If we accept the two premises that oil prices will rise in the long term but continue to stagnate in the short and medium term, and that unconventional oil is the future of the industry, then the ideal long term investment would be in an unconventional oil producer who is both a cost leader within its segment that can survive at current prices.
Which brings us to Suncor Energy (NYSE:SU) and the Athabasca oil sands.
The bull case for Suncor
Last month, Suncor reached a $4.2B deal to acquire Canadian Oil Sands, giving it a majority stake in the Syncrude mining project. This move is significant for two reasons:
- It demonstrates cost discipline, which has allowed management to pursue opportunistic deals during down cycles.
- Suncor now has a majority stake in 2 out of the 3 largest mining projects currently in operation, or roughly one third of the total output from the Athabasca oil sands.
The second reason has actual upside for the long term investor.
Source: Suncor COS shareholder presentation
As unconventional oil reserves go, the Athabasca oil sands represents its crown jewel. It is the single largest reserve of unconventional oil that is producible at current prices and is the only large oil sands reservoir in the world that is suitable for large scale surface mining.
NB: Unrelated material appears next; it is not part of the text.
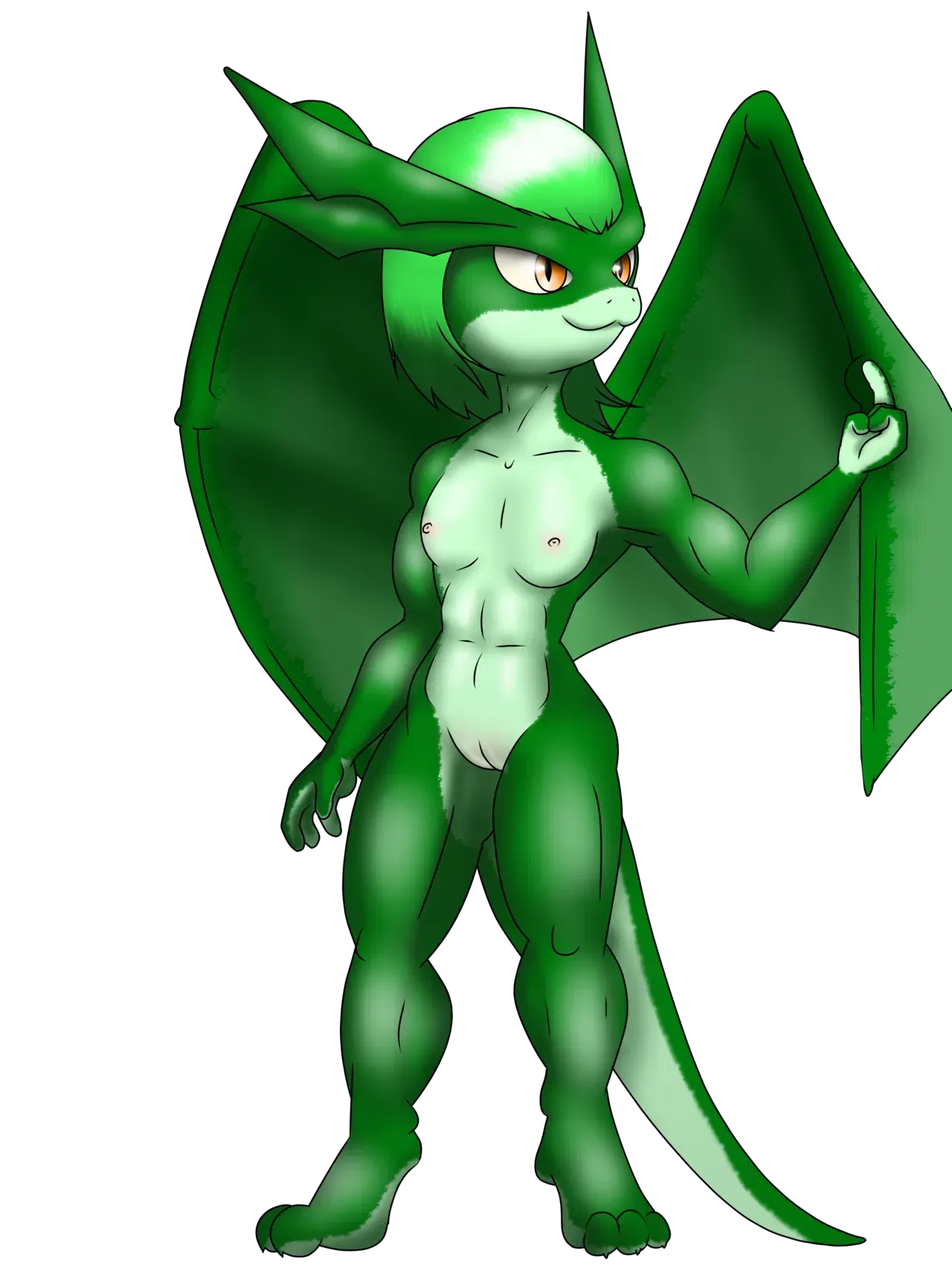 Image #240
The majority of unconventional oil reserves are either too costly to extract or unreachable with current technology. Low oil prices effectively places a lid on further investments.
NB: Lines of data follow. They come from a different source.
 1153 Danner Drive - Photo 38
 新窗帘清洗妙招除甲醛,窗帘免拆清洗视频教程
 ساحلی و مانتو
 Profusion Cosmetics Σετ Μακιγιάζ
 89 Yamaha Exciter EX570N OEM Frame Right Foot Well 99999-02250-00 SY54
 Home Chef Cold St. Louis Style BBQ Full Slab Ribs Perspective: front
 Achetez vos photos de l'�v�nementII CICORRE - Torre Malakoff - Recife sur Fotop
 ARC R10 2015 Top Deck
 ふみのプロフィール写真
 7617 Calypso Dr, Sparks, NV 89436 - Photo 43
With its ability to produce at a cost of $20 per barrel, Suncor has all the characteristics of unconventional oil with the economics of the Saudis. This means that the longer oil prices are allowed to stagnant in the short to medium term, the harder this will hit Suncor's competitors, at the same time strengthening Suncor's market position within its segment.
Suncor's survival prospects
Earlier this month, the market reacted to news of Suncor posting a $2B loss over Q4 2015, sending the stock down 10% over the following week. Considering that even national entities are feeling the heat at current prices, one only has to delve deeper into the financials to realize that this news was no cause for alarm:
Of the $2B loss, 20% was in unrealized foreign exchange losses on U.S. denominated debt. An additional 40% of that was in impairments to the company's non-core interests in Libya and the North Sea. And despite the worst rout that the industry has seen in over a decade, Suncor has still managed to maintain a positive free cash flow of $136 million on the year. This is in an operating environment where the company continues to cut spending while at the same time increasing output in the oil sands by 8% year over year.
The recent move by the Saudis to freeze output has signaled a floor for oil prices. With its strong balance sheet of $4B in cash, coupled with improved earnings from its downstream refining assets, Suncor is well positioned to weather the storm even as 'lower prices for longer' continues to batter the industry as a whole.
For the long term investor, owning Suncor is like playing a game of Monopoly where you've purchased two hotels on Park Place and Boardwalk. As long as you can survive the early rounds, your chances of winning increase with the number of times your opponents go around the board.
Currently trading at close to book value, Suncor represents an opportunity to own a dominant player within its segment with a real competitive moat as the industry's cost leader over the next decade.
Disclosure: I am/we are long SU.
I wrote this article myself, and it expresses my own opinions. I am not receiving compensation for it (other than from Seeking Alpha). I have no business relationship with any company whose stock is mentioned in this article.